Along with Muni, five other candidates had asked for a recount for Matihani, Parbatta, Bhorey, Dehri and Ramgarh - but their requests were rejected by the RO due to the number of rejected postal ballots being a lot lesser than the vote margins.
This has led to Yadav and some other candidates from his party allege foul play, but Quraishi finds it unlikely. "The RO has discretionary powers to decide, and the counting is done in the presence of observers and party representatives from both sides and it is recorded on video. RO's decision can only be challenged in court through election petition," he said.

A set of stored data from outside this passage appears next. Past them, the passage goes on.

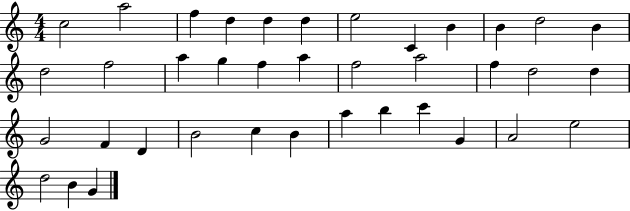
{
  \clef treble
  \numericTimeSignature
  \time 4/4
  \key c \major
  c''2 a''2 | f''4 d''4 d''4 d''4 | e''2 c'4 b'4 | b'4 d''2 b'4 | \break d''2 f''2 | a''4 g''4 f''4 a''4 | f''2 a''2 | f''4 d''2 d''4 | \break g'2 f'4 d'4 | b'2 c''4 b'4 | a''4 b''4 c'''4 g'4 | a'2 e''2 | \break d''2 b'4 g'4 | \bar "|."
}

So, what could be Yadav's potential next step here, if he is so inclined on taking it further? Going to court would be the only option left for the young RJD leader, but he would have to present sufficient evidence to justify a recounting process.
Speaking at a press conference, Yadav claimed that his party should have won 130 seats instead of 110 (with 122 seats required to get a majority), and that the loss in 20 seats were with very thin margins which needed reconsideration. He, however, failed to mention the names of these 20 seats.

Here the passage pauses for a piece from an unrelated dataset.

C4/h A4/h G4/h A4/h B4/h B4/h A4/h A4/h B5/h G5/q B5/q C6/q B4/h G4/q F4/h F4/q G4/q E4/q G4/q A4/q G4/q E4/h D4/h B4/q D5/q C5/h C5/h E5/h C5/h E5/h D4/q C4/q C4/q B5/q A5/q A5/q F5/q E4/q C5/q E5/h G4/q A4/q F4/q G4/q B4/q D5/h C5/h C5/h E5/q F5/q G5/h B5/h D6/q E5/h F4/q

Finally, he threatened to go to court if the EC couldn't satisfy the demands of his party's candidates. "We wonder how 500-700-900 postal ballots were declared invalid. The EC has to satisfy queries of our candidates or else we might move court", he stated.
Past Cases Of Recounting
During the 2009 Lok Sabha elections, former Union Minister P. Chidambaram initially lost the seat of Sivaganga to AIADMK's Raja Kannappan by 3000 votes. Following this, Chidambaram sought a recount and turned out to be the winner.
This led to backlash from Kannappan asking for a second recount, following which Chidambaram was still found to be the winner with 3354 votes.

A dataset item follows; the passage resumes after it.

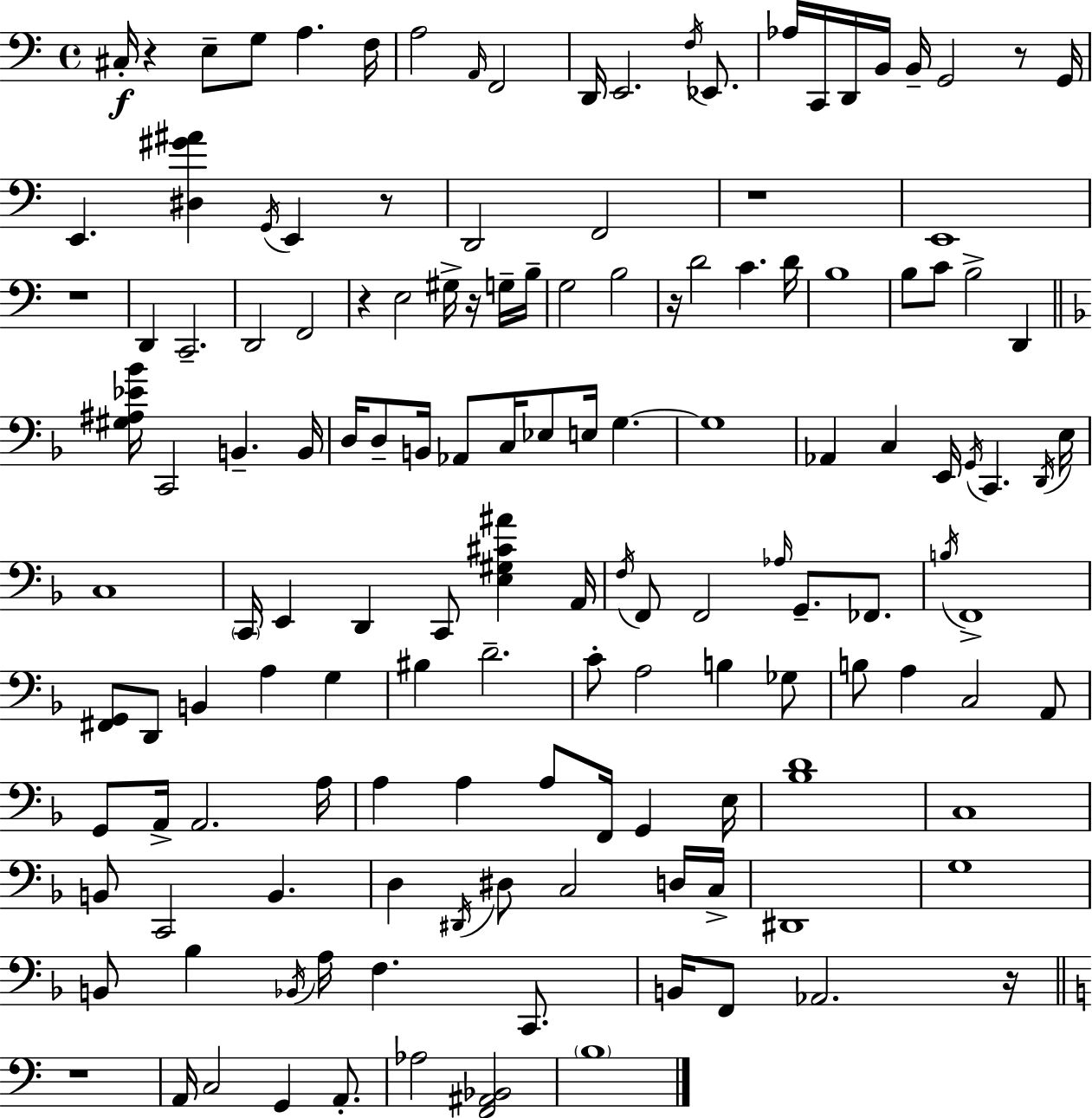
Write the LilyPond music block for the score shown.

Following this, former Chief Minister Jayalalithaa had alleged that his victory was achieved by fraudulent means, while Prime Minister Narendra Modi had often called him "recounting minister" during his 2014 Lok Sabha elections campaign.
In 2019, the Madras High Court ordered a recount of votes for the Radhapuram Assembly constituency, which was won by AIADMK's I.S. Inbadurai by a close margin against DMK's M. Appavu. On October 4, 2019, the recounting took place throughout the day at the Madras High Court premises.
However, Inbadurai obtained a stay order from the Supreme Court to stop the declarations of the results, which were therefore never declared post-recounting.
Does Tejashwi Yadav have any chance of overturning the results with a recount? Given the past history of vote recounting, it seems unlikely that he can change the results for 20 seats, as he so claims.